Directions
Among the entries below, which lines run from the line with "QuestySocialBot's tweet image." through the line with "#DailyTasks #CryptoTips"? Retype those, both ends included, exactly and without pictures.

Data
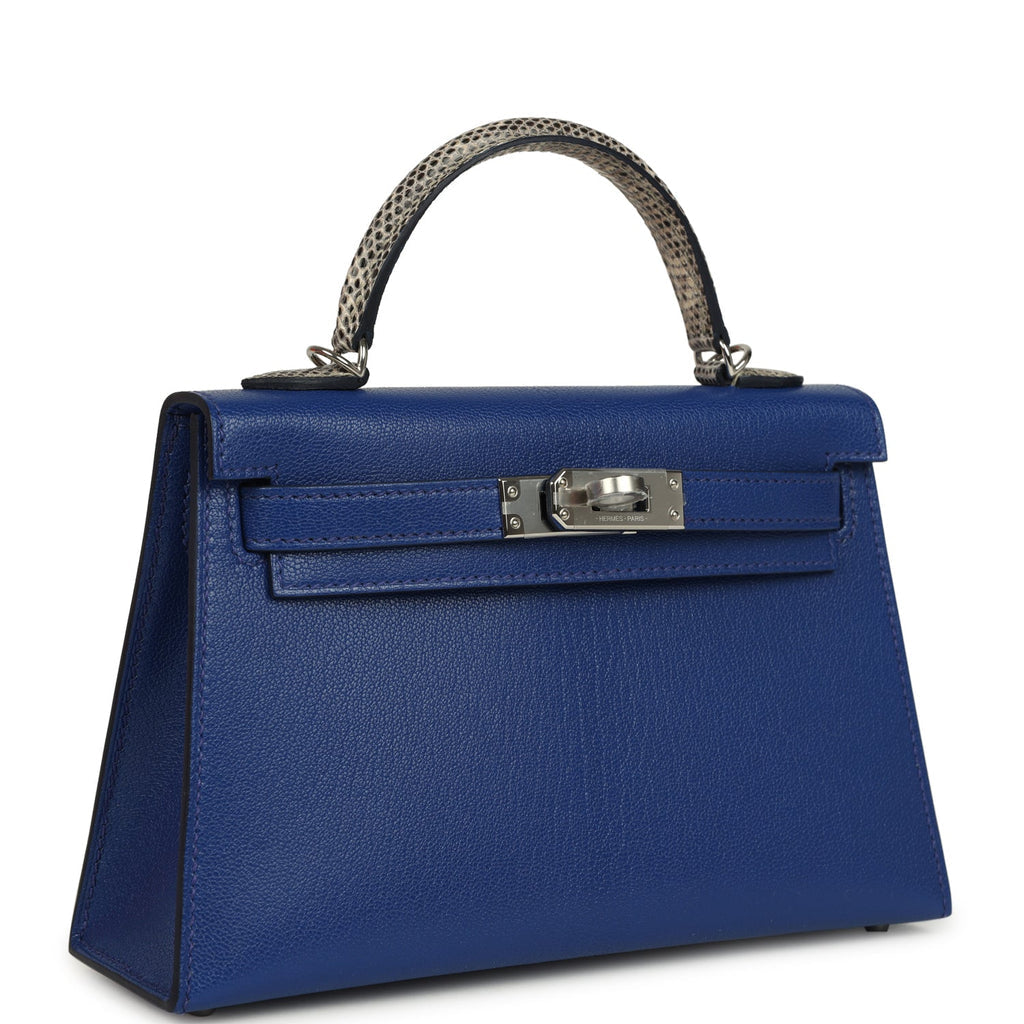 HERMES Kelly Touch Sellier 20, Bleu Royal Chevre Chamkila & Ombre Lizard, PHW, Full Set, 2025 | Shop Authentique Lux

--

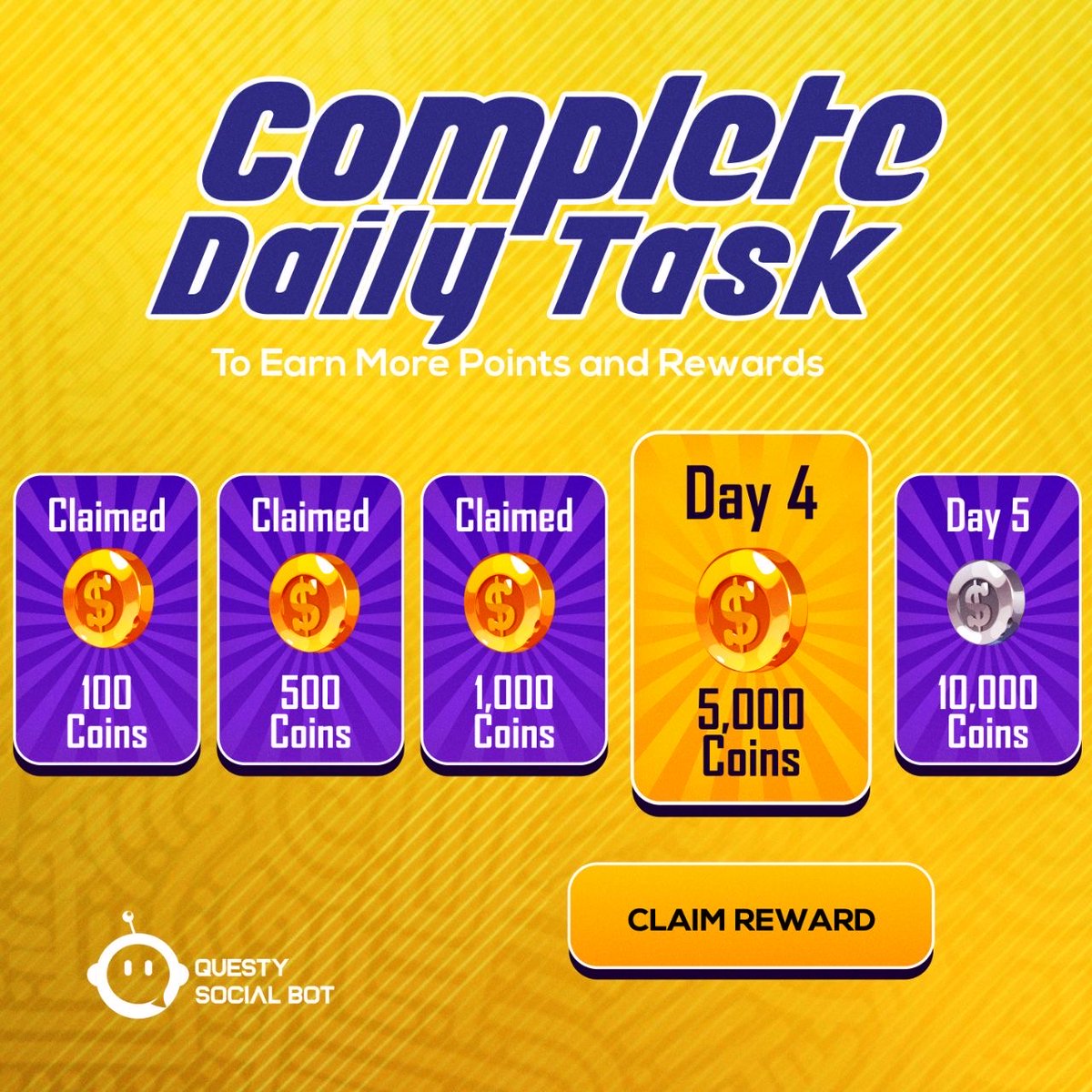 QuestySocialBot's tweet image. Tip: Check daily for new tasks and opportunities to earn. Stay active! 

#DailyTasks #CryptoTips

Answer
 QuestySocialBot's tweet image. Tip: Check daily for new tasks and opportunities to earn. Stay active! 

#DailyTasks #CryptoTips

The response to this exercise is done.